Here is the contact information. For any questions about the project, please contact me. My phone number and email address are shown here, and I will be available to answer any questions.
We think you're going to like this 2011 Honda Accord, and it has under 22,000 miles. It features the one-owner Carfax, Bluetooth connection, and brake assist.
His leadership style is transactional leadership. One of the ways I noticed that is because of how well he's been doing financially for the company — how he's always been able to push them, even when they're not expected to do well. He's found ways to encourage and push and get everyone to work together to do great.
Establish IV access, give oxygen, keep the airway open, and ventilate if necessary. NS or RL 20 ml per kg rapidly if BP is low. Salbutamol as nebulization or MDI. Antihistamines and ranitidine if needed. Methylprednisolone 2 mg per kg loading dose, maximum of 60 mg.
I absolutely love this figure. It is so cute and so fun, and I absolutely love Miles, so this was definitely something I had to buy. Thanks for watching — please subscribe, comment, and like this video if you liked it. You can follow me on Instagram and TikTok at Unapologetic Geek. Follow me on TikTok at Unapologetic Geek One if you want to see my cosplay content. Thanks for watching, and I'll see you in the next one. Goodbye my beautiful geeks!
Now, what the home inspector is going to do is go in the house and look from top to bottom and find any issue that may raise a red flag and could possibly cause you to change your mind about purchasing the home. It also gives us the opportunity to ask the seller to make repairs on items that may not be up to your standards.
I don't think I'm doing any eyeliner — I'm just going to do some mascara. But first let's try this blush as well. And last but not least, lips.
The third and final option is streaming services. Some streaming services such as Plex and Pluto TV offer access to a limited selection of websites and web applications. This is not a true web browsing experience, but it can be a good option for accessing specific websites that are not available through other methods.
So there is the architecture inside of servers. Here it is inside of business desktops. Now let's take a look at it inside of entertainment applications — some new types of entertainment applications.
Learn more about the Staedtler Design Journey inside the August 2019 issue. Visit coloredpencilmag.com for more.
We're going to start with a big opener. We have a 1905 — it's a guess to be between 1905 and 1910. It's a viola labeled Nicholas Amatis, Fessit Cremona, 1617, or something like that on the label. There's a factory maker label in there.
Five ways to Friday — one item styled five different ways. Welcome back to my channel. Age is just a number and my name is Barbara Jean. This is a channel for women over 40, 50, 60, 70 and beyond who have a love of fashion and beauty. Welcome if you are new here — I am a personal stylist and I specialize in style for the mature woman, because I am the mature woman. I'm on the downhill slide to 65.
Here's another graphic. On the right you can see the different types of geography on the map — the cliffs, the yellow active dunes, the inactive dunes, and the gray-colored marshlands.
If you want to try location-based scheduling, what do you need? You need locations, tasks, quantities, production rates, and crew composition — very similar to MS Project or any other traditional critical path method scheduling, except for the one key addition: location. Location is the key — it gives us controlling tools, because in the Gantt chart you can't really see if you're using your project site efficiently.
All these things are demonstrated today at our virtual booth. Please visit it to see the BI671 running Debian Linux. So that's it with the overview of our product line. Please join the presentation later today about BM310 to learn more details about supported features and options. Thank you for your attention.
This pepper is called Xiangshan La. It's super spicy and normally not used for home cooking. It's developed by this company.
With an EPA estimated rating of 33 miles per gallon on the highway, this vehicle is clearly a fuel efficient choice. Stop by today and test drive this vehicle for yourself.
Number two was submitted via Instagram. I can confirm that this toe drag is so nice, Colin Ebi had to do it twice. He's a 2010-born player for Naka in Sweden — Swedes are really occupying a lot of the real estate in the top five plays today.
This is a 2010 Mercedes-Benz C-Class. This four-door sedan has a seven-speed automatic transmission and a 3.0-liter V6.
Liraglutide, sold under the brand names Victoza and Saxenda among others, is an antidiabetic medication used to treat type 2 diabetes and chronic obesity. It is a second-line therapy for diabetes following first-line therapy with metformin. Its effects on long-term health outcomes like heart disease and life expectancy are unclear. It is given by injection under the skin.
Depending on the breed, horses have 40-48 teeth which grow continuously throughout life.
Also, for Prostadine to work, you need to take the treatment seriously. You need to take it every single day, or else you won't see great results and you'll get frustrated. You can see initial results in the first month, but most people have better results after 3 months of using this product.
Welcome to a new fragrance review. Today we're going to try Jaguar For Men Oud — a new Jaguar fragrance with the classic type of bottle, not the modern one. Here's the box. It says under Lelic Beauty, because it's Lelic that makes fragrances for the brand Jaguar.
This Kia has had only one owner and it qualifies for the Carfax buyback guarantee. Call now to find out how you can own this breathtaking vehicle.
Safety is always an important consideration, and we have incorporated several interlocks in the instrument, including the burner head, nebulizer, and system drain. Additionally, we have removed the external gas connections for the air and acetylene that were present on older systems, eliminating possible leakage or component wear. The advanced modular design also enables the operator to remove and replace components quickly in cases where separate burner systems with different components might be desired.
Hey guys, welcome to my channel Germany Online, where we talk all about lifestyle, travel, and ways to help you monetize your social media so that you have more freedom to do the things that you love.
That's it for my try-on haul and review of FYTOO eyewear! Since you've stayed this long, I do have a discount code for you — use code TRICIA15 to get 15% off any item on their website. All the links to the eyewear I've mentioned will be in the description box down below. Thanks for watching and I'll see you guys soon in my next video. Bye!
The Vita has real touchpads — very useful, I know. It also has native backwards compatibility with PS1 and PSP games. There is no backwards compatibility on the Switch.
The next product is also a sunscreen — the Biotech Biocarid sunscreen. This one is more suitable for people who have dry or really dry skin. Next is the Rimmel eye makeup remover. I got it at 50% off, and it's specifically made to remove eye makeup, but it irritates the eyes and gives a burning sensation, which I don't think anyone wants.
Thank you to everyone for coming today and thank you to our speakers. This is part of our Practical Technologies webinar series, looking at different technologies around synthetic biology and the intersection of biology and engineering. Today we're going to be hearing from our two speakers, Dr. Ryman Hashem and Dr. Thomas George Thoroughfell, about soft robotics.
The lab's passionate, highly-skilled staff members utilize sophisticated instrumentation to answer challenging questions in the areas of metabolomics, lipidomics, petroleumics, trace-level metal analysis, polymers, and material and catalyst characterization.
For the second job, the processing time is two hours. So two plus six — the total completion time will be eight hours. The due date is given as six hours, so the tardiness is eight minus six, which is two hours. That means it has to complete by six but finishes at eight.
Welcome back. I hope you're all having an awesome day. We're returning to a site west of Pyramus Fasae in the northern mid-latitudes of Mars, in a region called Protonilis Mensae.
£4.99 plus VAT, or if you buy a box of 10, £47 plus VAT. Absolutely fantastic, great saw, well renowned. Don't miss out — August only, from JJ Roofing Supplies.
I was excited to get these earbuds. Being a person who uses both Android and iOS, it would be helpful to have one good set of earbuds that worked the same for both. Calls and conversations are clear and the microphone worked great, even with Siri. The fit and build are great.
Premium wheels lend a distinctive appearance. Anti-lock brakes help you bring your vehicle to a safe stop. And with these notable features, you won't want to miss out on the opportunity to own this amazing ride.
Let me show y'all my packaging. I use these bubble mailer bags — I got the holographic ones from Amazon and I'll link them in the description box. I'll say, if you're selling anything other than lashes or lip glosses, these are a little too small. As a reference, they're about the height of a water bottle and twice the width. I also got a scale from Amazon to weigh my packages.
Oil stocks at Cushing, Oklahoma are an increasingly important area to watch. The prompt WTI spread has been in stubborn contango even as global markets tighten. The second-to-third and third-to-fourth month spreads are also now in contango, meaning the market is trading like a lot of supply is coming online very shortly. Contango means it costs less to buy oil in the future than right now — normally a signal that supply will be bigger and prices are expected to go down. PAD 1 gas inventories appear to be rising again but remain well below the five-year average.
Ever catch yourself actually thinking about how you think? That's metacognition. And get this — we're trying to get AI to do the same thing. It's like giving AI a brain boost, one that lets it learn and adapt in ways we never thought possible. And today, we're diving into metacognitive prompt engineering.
• • • • • • •
As the answer, set down only the lines from the data above between the one holding "Let me show" and the one holding "Oil stocks at", inclusive, exactly as they read.

TASK RESULT
Let me show y'all my packaging. I use these bubble mailer bags — I got the holographic ones from Amazon and I'll link them in the description box. I'll say, if you're selling anything other than lashes or lip glosses, these are a little too small. As a reference, they're about the height of a water bottle and twice the width. I also got a scale from Amazon to weigh my packages.
Oil stocks at Cushing, Oklahoma are an increasingly important area to watch. The prompt WTI spread has been in stubborn contango even as global markets tighten. The second-to-third and third-to-fourth month spreads are also now in contango, meaning the market is trading like a lot of supply is coming online very shortly. Contango means it costs less to buy oil in the future than right now — normally a signal that supply will be bigger and prices are expected to go down. PAD 1 gas inventories appear to be rising again but remain well below the five-year average.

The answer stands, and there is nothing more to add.